Steel is basically iron alloyed to carbon with certain additional elements to give the required properties to the finished melt.

The process of alloying is used to change the chemical composition of steel and improve its properties over carbon steel or adjust them to meet the requirements of a particular application.

1. Chromium:

Chromium is added to the steel to increase resistance to oxidation. This resistance increases as more chromium is added. 'Stainless Steel' has approximately 11% chromium and a very marked degree of general corrosion resistance when compared with steels with a lower percentage of chromium.
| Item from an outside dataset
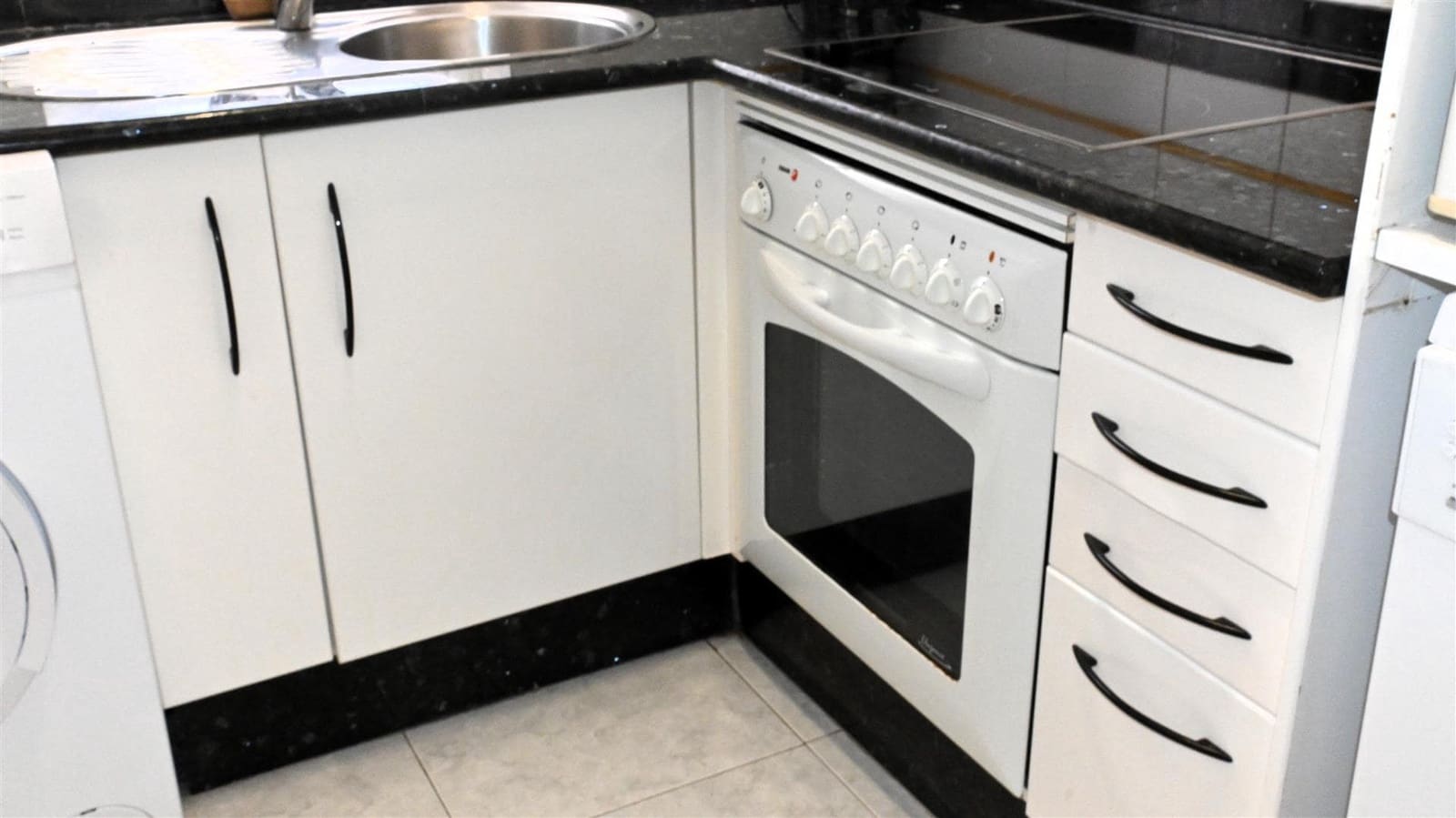 1 chambre Appartement à vendre à Atamaria - 120 000 € (Ref: 9928714)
When added to low alloy steels, chromium can increase the response to heat treatment, thus improving hardenability and strength.

1. Nickel:

Nickel is added in large amounts, over about 8%, to high chromium stainless steel to form the most important class of corrosion and heat resistant steels. These are the austenitic stainless steels, typified by 18-8, where the tendency of nickel to form austenite is responsible for a great toughness and high strength at both high and low temperatures. Nickel also improves resistance to oxidation and corrosion. It increases toughness at low temperatures when added in smaller amounts to alloy steels.

1. Cobalt:

Cobalt becomes highly radioactive when exposed to the intense radiation of nuclear reactors, and as a result, any stainless steel that is in nuclear service will have a cobalt restriction, usually approximately 0.2% maximum. This problem is emphasized because there is residual cobalt content in the nickel used in producing these steels.

1. Tungsten:

Used in small amounts, tungsten combines with the free carbides in steel during heat treatment, to produce high wear resistance with little or no loss of toughness. High amounts combined with chromium gives steel a property known as red hardness. This means that the steel will not lose its working hardness at high temperatures.

An example of this would be tools designed to cut hard materials at high speeds, where the friction between the tool and the material would generate high temperatures.